Treacherous Academics and Politicians
David Spain
[Reprinted from Progress, July-August 2002]
The modern discipline of economics has been deliberately distorted by
powerful vested interests so as to protect abuses arising from site
monopoly. The current confusion of academic economists stems directly
from the perversion of their discipline by powerful 'Robber Barons' in
the USA at the end of the 19th century: these set up a string of
universities and endowed Chairs of Economics which consciously peddled
false doctrine in order to derail classical political economy in
favour of Neoclassical Economics ("NCE"].
NCE is a form of economics which set out to destroy the Site Revenue
debate (so popular under the advocacy of Henry George a century ago)
by ignoring sites as a separate factor in production, and instead
conflating sites with currency savings, machinery, buildings etc. as
just another form of capital. For a shortsighted century, economists
who perceived the truth have been howled down by peer pressure and
sacked.
This manipulation has fostered private profit out of resource
extraction and environmental abuse (ignoring responsibility to
inter-generational equity), perpetuated a down-trodden class of the
poor & welfare-dependent, and prevented folk having access to
land, so causing unemployment throughout the nations. Absent is the
solid anchoring of steady land prices & employment. Speculation in
land-price inflates artificial bubbles which burst, creating regular
cycles of boom-bust economy. Financial Institutions become forced to
make advances on the temporary, artificial, fallible & unreliable
security of sites.
The Site Revenue proposal threatens vested interests. These include
the 10% who control 90% of the wealth -- a control which is almost
entirely due to the private pocketing of site values. Also threatened
are many politicians, bankers, lawyers, accountants, welfare
dependents unwilling to shift for themselves, social workers, media
proprietors and bureaucrats, all of whom are basically parasites upon
disunity and have a vested interest in perpetuating it. The test &
evidence of this can be seen in the total and deliberate exclusion of
the Site Revenue analysis from national tax summits (e.g. that of RJ
Hawke in 1985), from the mainstream media, from school & most
university courses, and from the invariable refusal of any expert to
argue publicly against it. You will never see a refutation of this
Site Revenue analysis. At most it will be met with shameful silence.

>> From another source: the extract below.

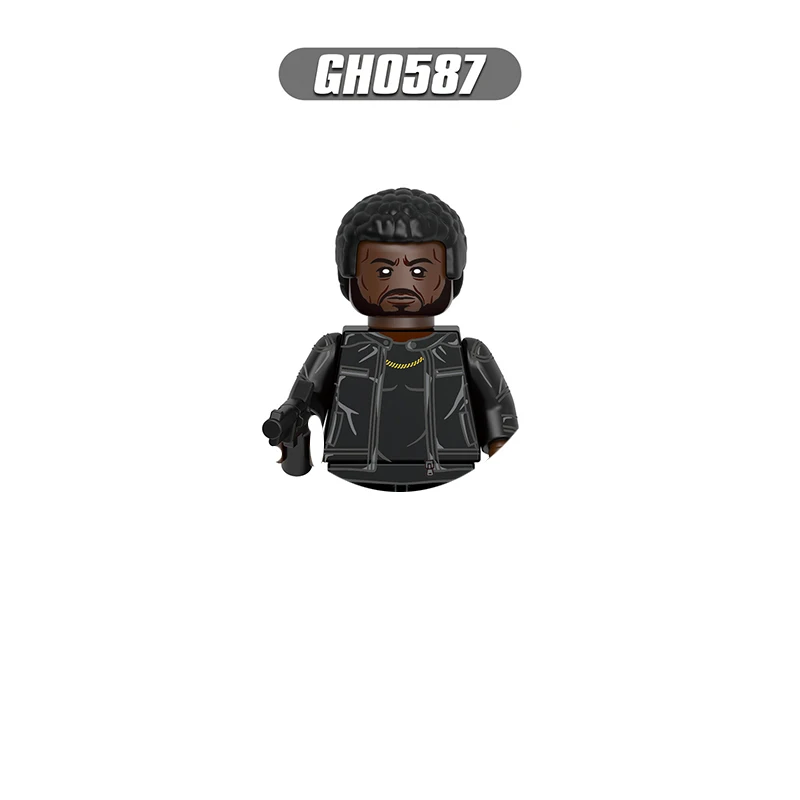 John Wick Bricks Peace Maker TV3001 Bausteine Judomaster für Spielzeug Geschenke Neue Mini-Actionfiguren Kinder für Partygeschenke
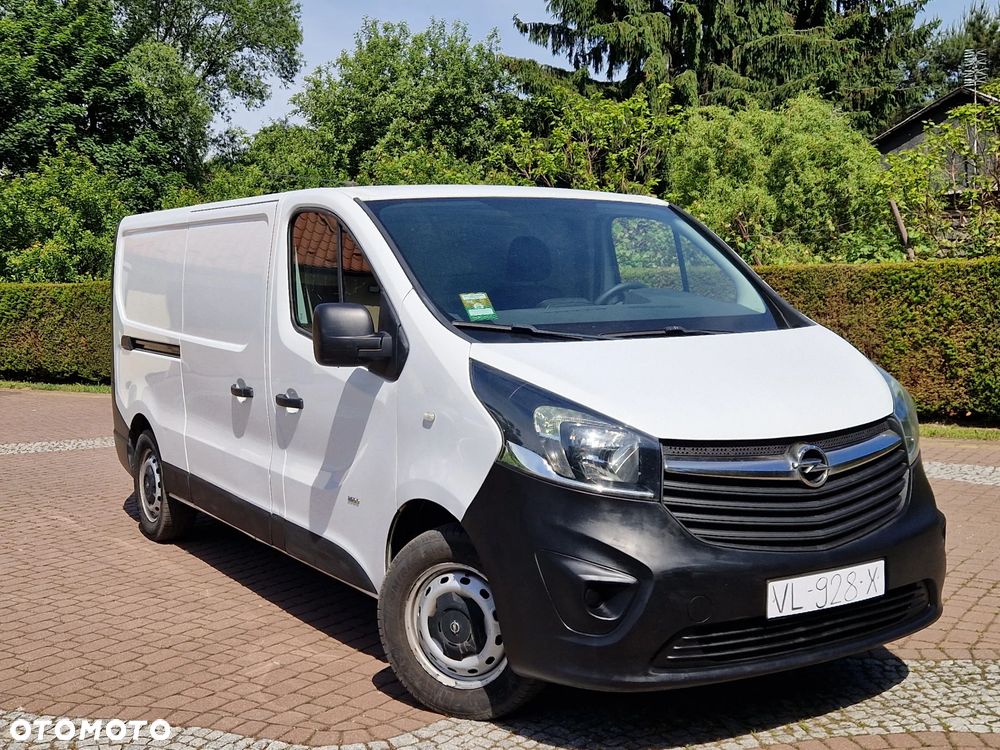 Opel Vivaro - 2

Site Revenue was a household concept a century ago, but confusion of
debate by academics and a burying of the analysis by both wings of
politics (lest it do them out of a job) has almost erased it from
popular awareness. Collection of the unearned increment in site values
('capital gain') was a salient theme during the formative years of ALP
politics in the 1890's, indeed its total collection was ALP policy and
in 1910 the Fisher Labor Government was actually elected to office on
the sole issue of taxation of unimproved land values. Unfortunately,
worker-wavering over the viability of free trade (a concomitant of
Site Revenue) and political pandering to workers' fears and the middle
class, saw the introduction of "thresholds" and the gradual
demise of the message in Labor ranks. Workers' fears were that the
Site Revenue would fall heavily on their little lots and that the rich
man's large income would escape unscathed: in fact, these fears are
what the rich man desires most, for his swollen income arises from
site monopoly in the first place. After the 1993 Federal Labor
conference the truncated remnants of Site Revenue (then called land
value taxation) was removed from the ALP policy reprint, without
debate or formal resolution but probably by secretarial mistake, and
it has never been reinstalled. Perversion of the Site Revenue concept
within the ALP demonstrates one of the great dangers of democracy:
that unprincipled individuals will wish to dominate big parties and
will tell the masses whatever they wish to hear, not the truth.